Je préfère la chaude proximité avec les cailloux plutôt que les froids contacts avec les écrans. J'apprécie mieux la relation vivante avec les pierres que les interactions
sans âme avec la technologie. J'aime davantage la compagnie des rats contestés que celle des fats
connectés. Il est plus sain pour moi d'être entouré d'arbres de marbre
qu'encerclé d'ânes flasques. Les premiers favorisent une bonne respiration, les
seconds m'étouffent.
Non pas que je sois misanthrope véritablement, ce sont simplement mes
contemporains qui se tiennent aux antipodes de mes sommets. Ils ne parviennent
guère à me rejoindre. Dans les nues où je plane, je ne croise que des oiseaux de
haut vol : gens de plumes et autres bêtes venues de la Lune. Rien que des êtres
délicieusement célestes ! Et ne rencontre que rarement des bipèdes dignes de mon
chapeau de paille. La plupart portent des casques, des écouteurs, des masques,
des oeillères, se chargent de poids inutiles, s'embarrassent d'onéreuses
pesanteurs, traînent des enclumes de vanités.
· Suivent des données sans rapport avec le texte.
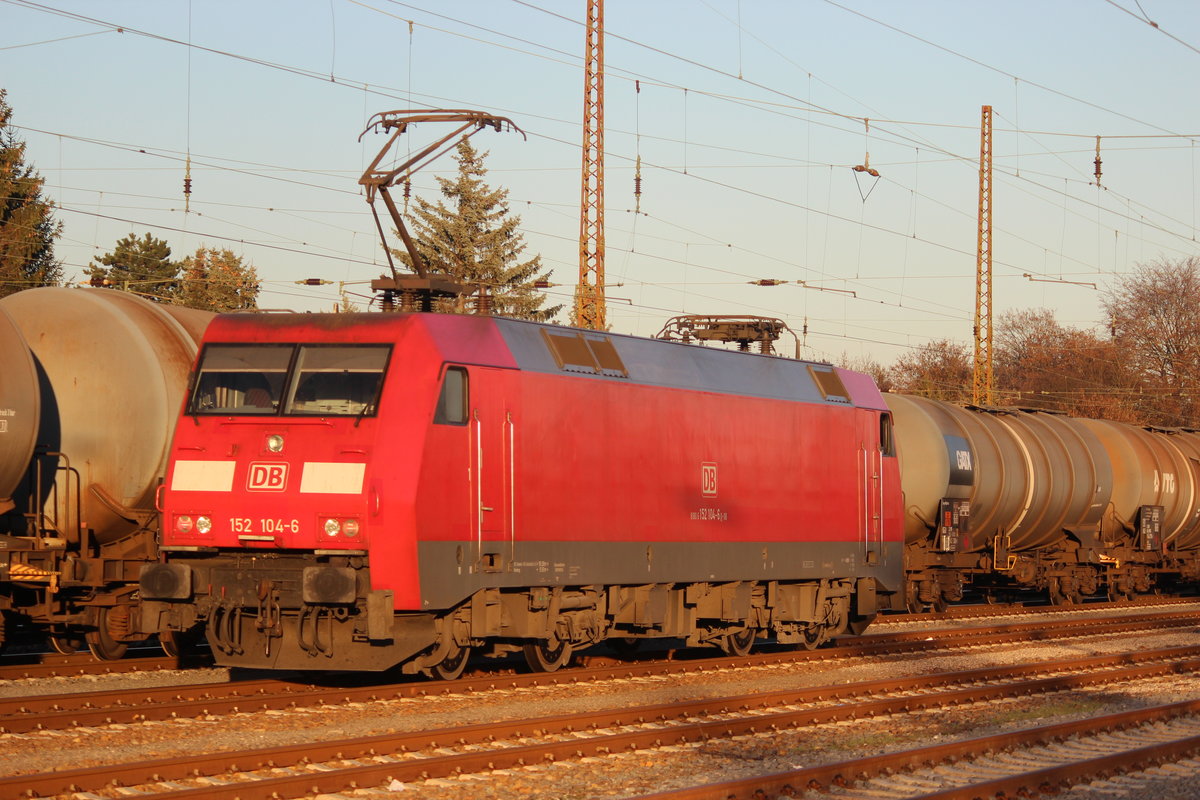14.11.16  Lzg-Wiederitzsch in Richtung Mockau, als LZ  BR 152 104-6 . Der Tf fehlt nicht auf dem Bild, er ist planmäßig an der Spitze im FS 2.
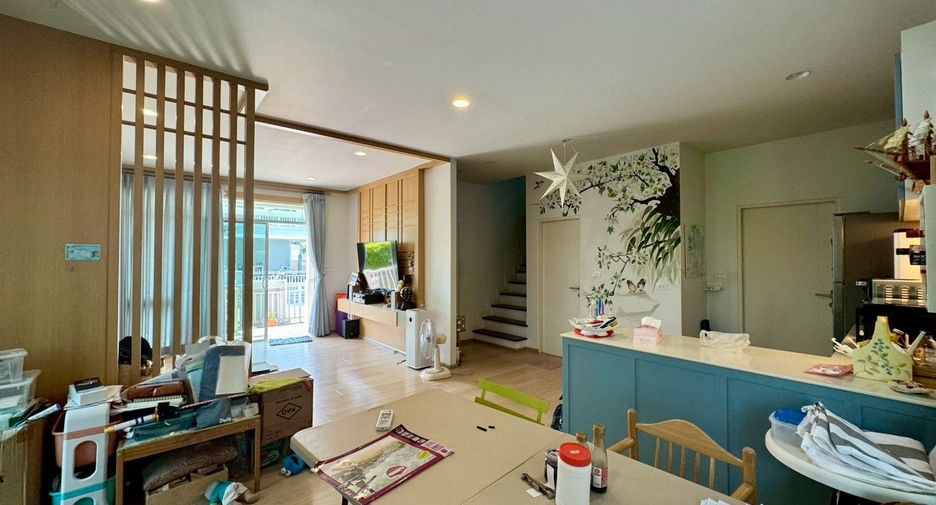 For sale 3 bedrooms house in Khlong Sam Wa, Bangkok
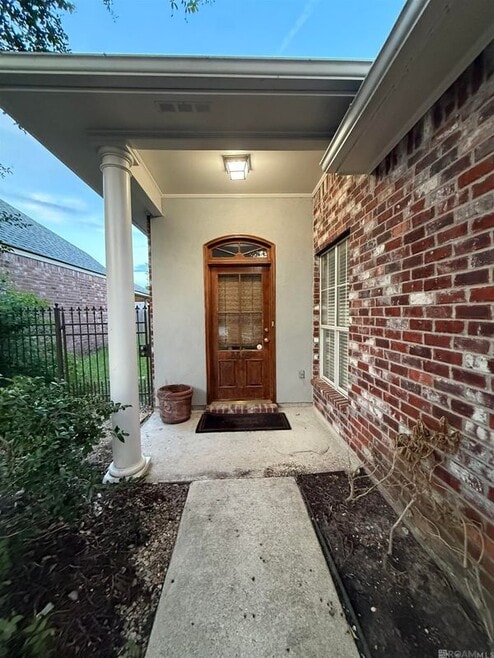 Building Photo - 5545 Ducros Dr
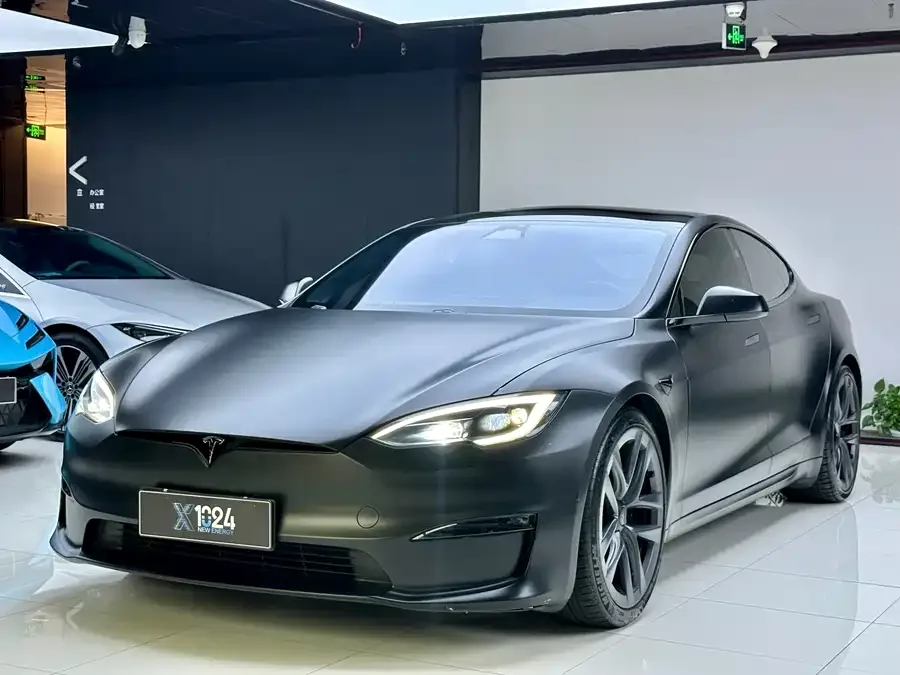 Tesla Model S 2024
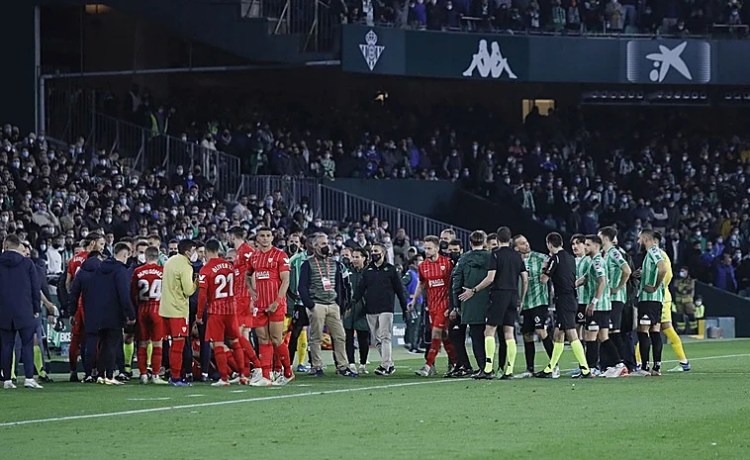 Guardado y el derbi del palo: «Todo lo que pasó ahí fue una vergüenza» Guardado y el derbi del palo: «Todo lo que pasó ahí fue una vergüenza»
Ils sont futiles,
frileux, douillets, aseptisés, javellisés, informatisés jusqu'à la
déshumanisation.
Perdus dans leur monde virtuel, enfermés dans leur bulle mobile,
prisonniers de leurs portables, ils se croient libres, unis, évolués...
Mais ces pantins, captifs de leurs prisons portatives, sont plus seuls que moi en réalité.
Amorphes, vides et tristes, ils ne marchent plus en regardant devant eux
mais se figent soudainement en pleine rue, ou n'importe où ailleurs, focalisés par ce qui se passe sur leurs appareils, avachis contre leurs "lucarnes-à-sornettes". Et ils restent sur place, les yeux
rivés sur leurs moniteurs miniatures, englués dans les mensonges de leur univers
rectangulaire débitant des mirages en deux dimensions.
Eux les esclaves issus de la ville, moi le roi de la friche.